● **Work task**:
Everything from the line with "Image of K&F" to the line with "Modern Personalized Monogram" in the listing below, both lines included, needs to be copied exactly, apart from the pictures.

● **Records provided**:
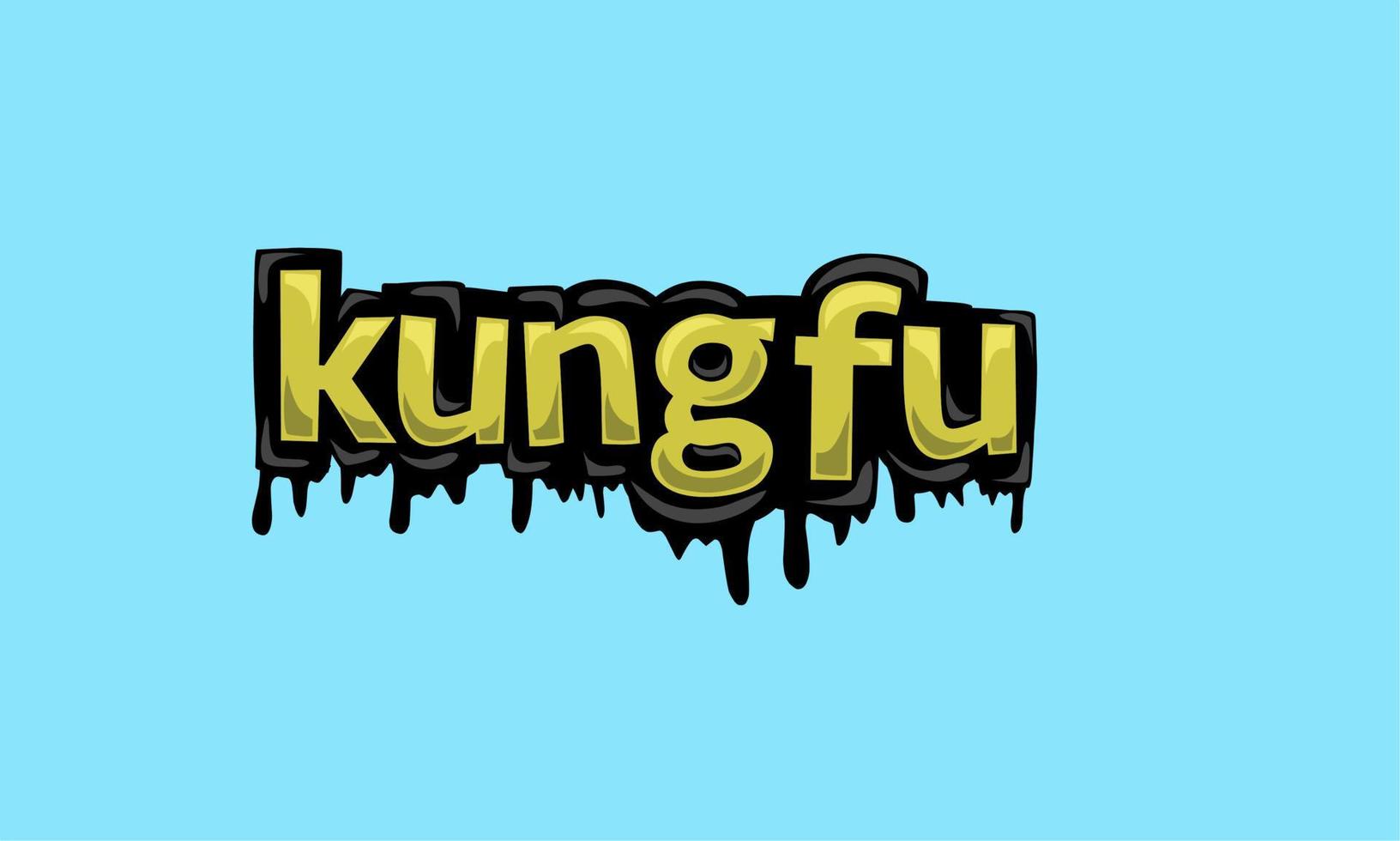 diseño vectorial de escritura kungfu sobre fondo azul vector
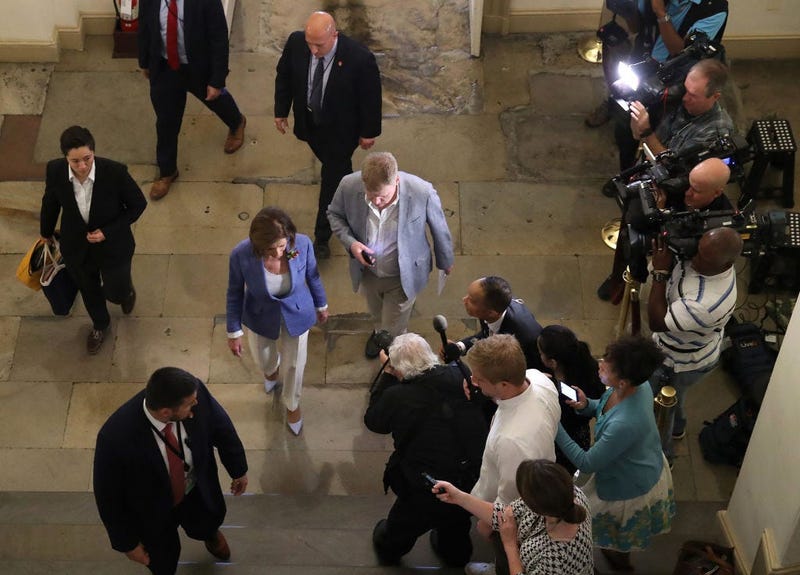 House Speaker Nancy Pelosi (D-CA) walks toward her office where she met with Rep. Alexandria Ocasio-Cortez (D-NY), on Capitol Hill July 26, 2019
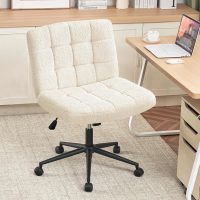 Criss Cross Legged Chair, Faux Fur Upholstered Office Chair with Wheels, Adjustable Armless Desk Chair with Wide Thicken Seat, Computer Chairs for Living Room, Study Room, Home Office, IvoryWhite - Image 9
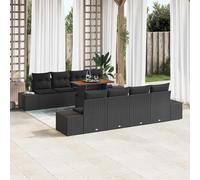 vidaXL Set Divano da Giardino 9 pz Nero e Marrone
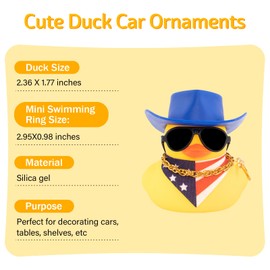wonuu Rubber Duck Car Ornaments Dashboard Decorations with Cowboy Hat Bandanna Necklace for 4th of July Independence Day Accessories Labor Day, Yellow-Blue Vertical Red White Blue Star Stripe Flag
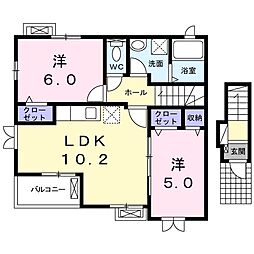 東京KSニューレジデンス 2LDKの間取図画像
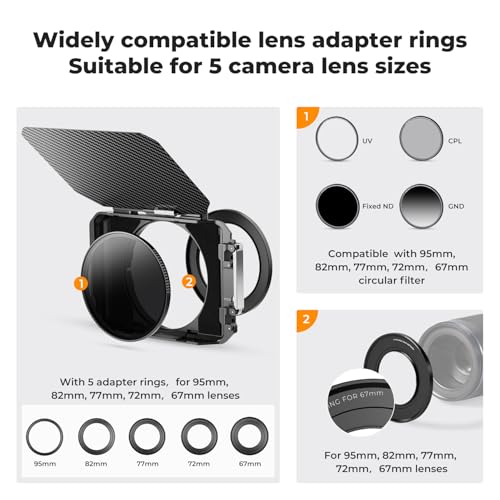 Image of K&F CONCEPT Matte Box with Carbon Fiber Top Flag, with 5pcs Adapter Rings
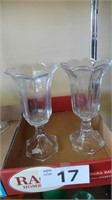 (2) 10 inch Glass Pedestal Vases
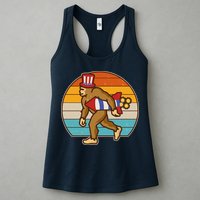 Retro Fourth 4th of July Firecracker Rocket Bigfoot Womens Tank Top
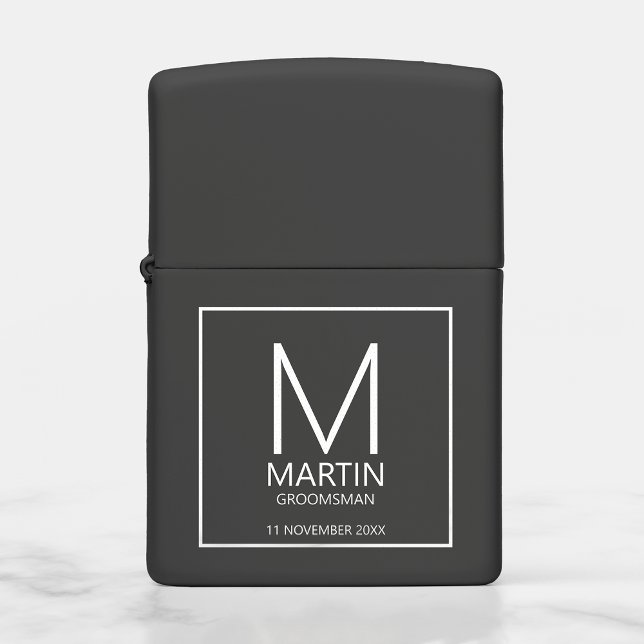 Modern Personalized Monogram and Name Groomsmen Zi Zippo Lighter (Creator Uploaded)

* * *

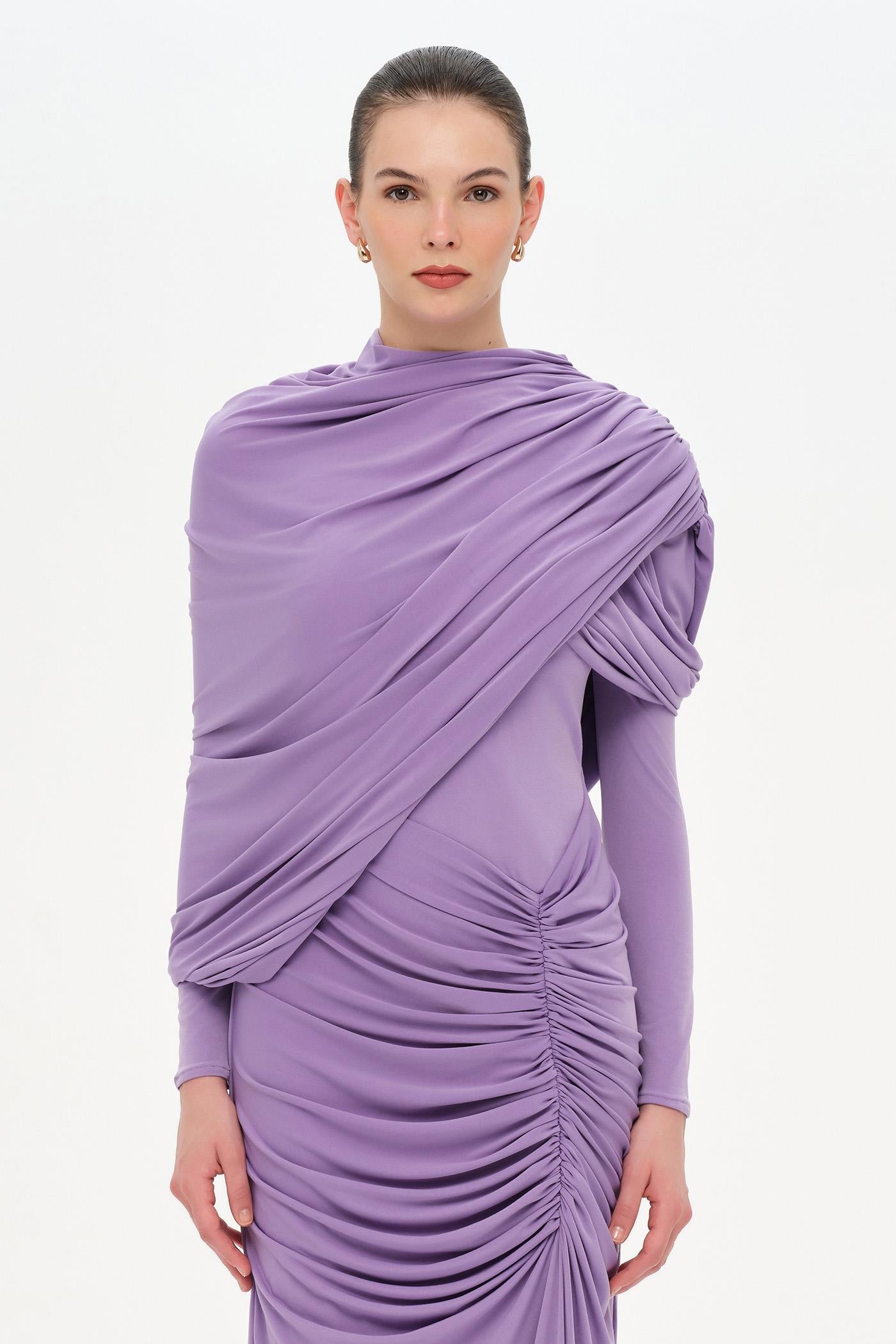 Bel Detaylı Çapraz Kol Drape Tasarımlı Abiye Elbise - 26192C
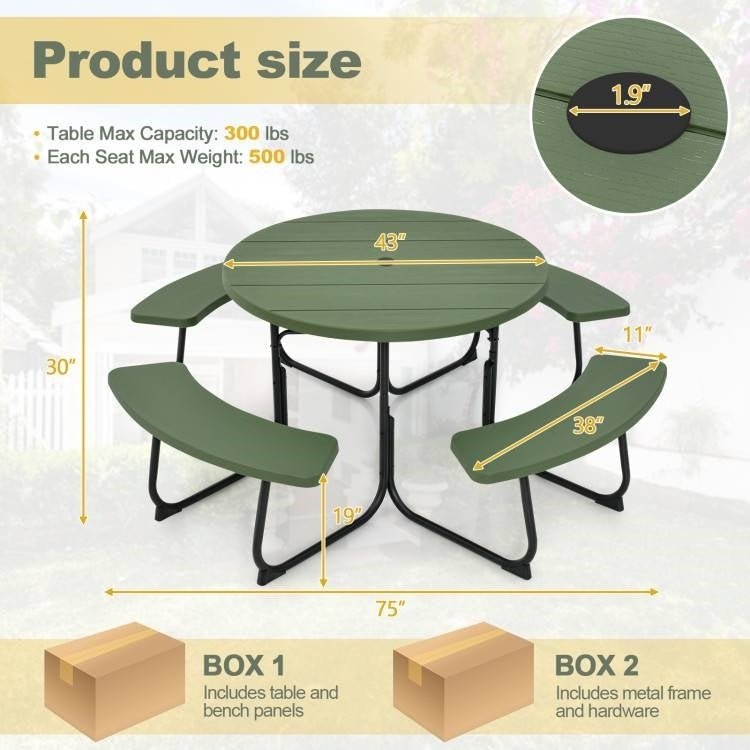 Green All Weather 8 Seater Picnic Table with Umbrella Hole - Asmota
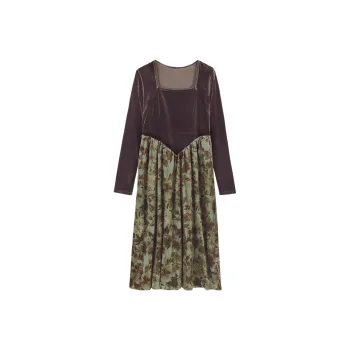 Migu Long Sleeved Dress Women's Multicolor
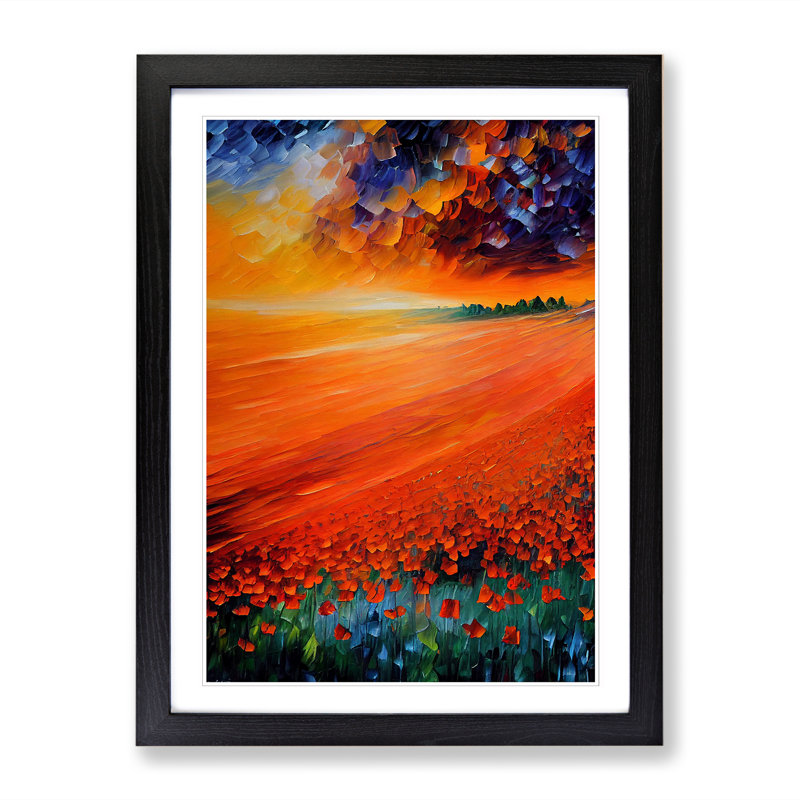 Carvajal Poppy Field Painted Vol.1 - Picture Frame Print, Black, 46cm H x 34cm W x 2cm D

● **Response to this task**:
 Image of K&F CONCEPT Matte Box with Carbon Fiber Top Flag, with 5pcs Adapter Rings
 (2) 10 inch Glass Pedestal Vases
 Retro Fourth 4th of July Firecracker Rocket Bigfoot Womens Tank Top
 Modern Personalized Monogram and Name Groomsmen Zi Zippo Lighter (Creator Uploaded)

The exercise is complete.